There had been an anti-Jewish riot (not a large one, but not a safe one, either) the Friday after the Burgertory fire. The owner discouraged action, I believe, but a bunch of people (a very large bunch) drove from suburbs an hour away (or thereabouts) to protest the alleged Jewish burning of the restaurant. No-one knew who the arsonists were and the demonstrators decided it was a Jewish thing. Australia went from “Fuck the Jews” to “Blame the Jews”.

Caulfield is a suburb with many Jews. Also, it was one of the big round number anniversaries of Kristallnacht. The protest (with its violence) was in the park next to a synagogue.

Someone on Twitter the next day posted that they (they themselves, not people they knew) had seen creepy men in the park when they went there to demonstrate. One of their friends talked to one of the creepy men, and were told that they were synagogue security bods. The guards are nothing new. Synagogues in Australia have needed someone watching out for things all my life, and I have very unfond memories of all of us being marshalled outside in the 70s, because of bomb threats. No Jewish institution in Australia is safe right now, and the Federal government gave a big wad of cash to both the Jewish and Muslim communities to address the safety of Muslims and of Jews in this increasingly perilous world.

The guards in the park are important because of that tweet: we know that at least some of the visitors from many miles away knew there was a synagogue. I knew there was one too, because a cousin is very active in the synagogue. He was among the evacuees.

The bottom line is that, on the anniversary of Kristallnacht, the police closed down a Jewish service, unfinished, because people outside were feared to be violent.

The moment the actual arsonists were made public (just last week) loads of people wondered (publicly) if those who had claimed the fire was set by Jews would apologise. I didn’t see apologies. What I saw were wall-blinded people finding something else to hate in Jewish Australia. That’s another story, and too close to me for safety right now.

I’m tired of the hate. I’m tired of those who only see what they want to see. I would be less worried about my fatigue if the wall didn’t also lead to a blindness concerning the Middle East. I’d be less distressed by this if the protesters worked towards outcomes we could all live with. I wish the activists asked “How can we get people out of this mess? How do we help everyone not guilty of vile things be safe and have food and rebuild and… how do we get all the people who are committing crimes be put on trial?” If we supported Israel, then it could be persuaded to dump the government (so many Israelis already want to) and Israel could start to talk with the non-Hamas Palestinians in Gaza and work their way (however long it takes) towards an accord. If we sent more help to Gaza, though any agency that is not compromised, then people would not starve. If, instead of being exhausted on demonstrations and apparently righteous anger, that same energy were put into finding a way (lobbying? raising money?) to create a Marshall Plan equivalent, then the people of Gaza would have the option of long term help to create a solid economy and to rebuild Gaza and to bring business back to Gaza.

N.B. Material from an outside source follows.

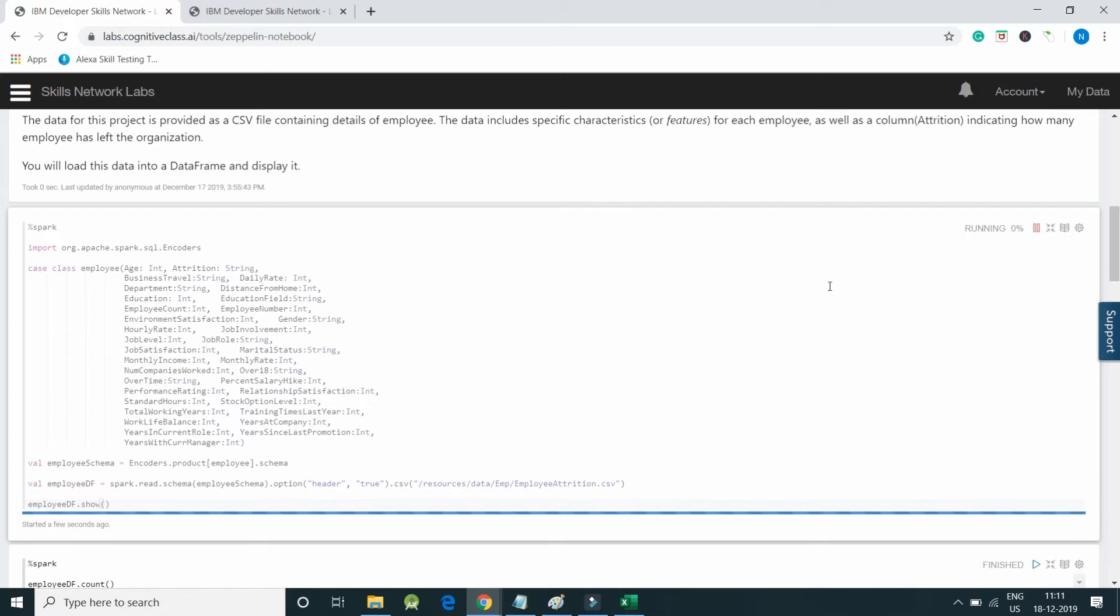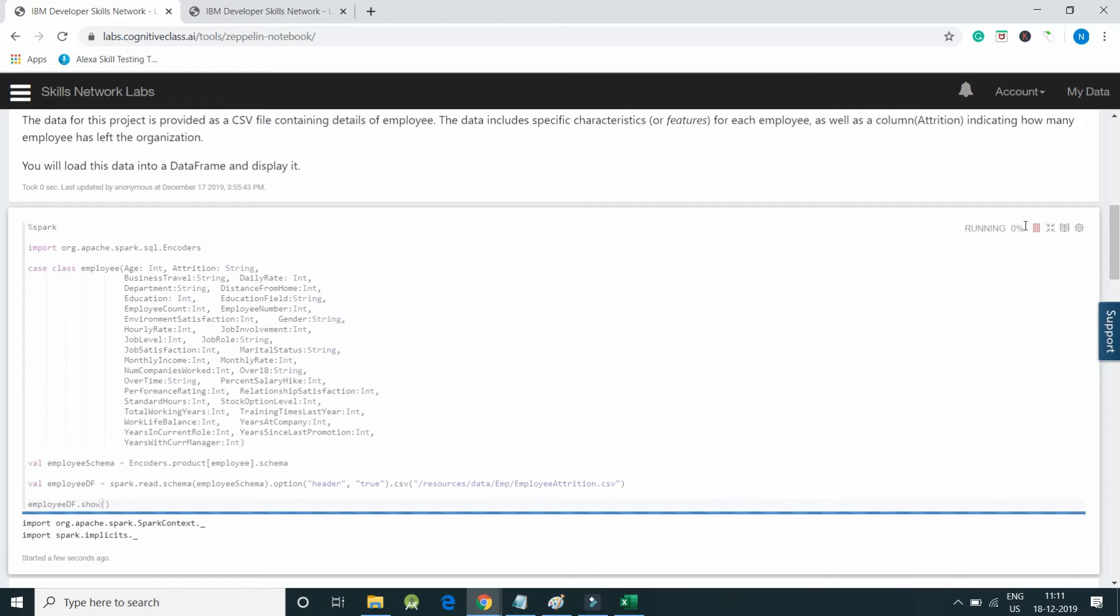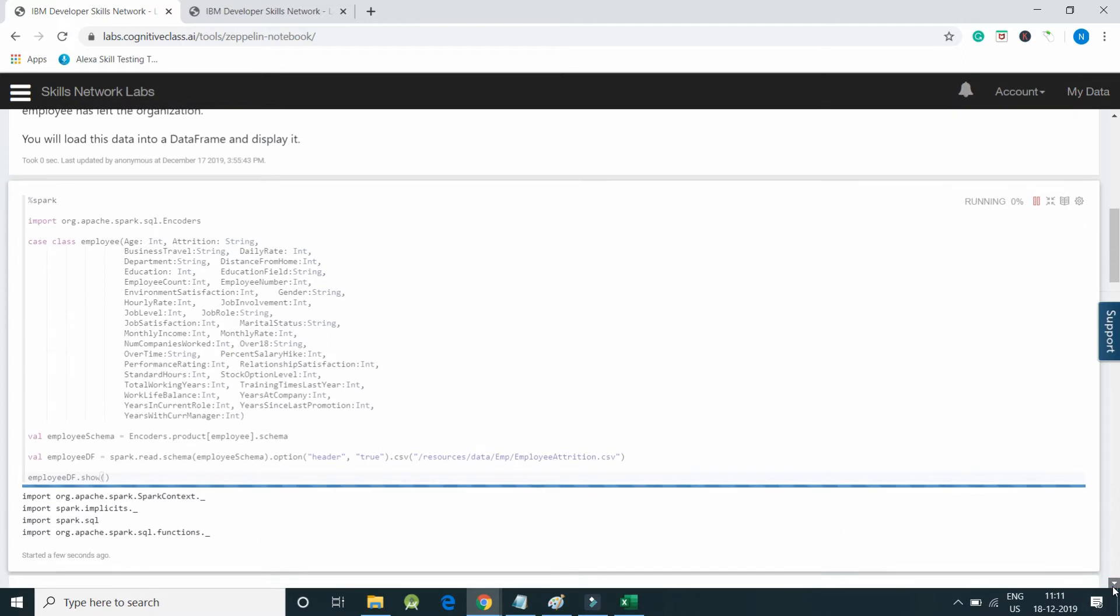Now it has been running, zero percent completed. The running process we can also visualize in Spark. You can see most of the libraries are getting imported.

While the new antisemitism uses a rather compelling edifice to block their view of the world rather than spending energy working towards a just future for all parties who are not actual criminals… I cannot admire those who shelter behind it. Until they break down the wall, they are helping make Australia unsafe for Jewish Australians. They fuel the crowd at the Opera House and the crowd in Caulfield and create an atmosphere of constant hate. This is the choice of those behind the wall: I don’t have to like it.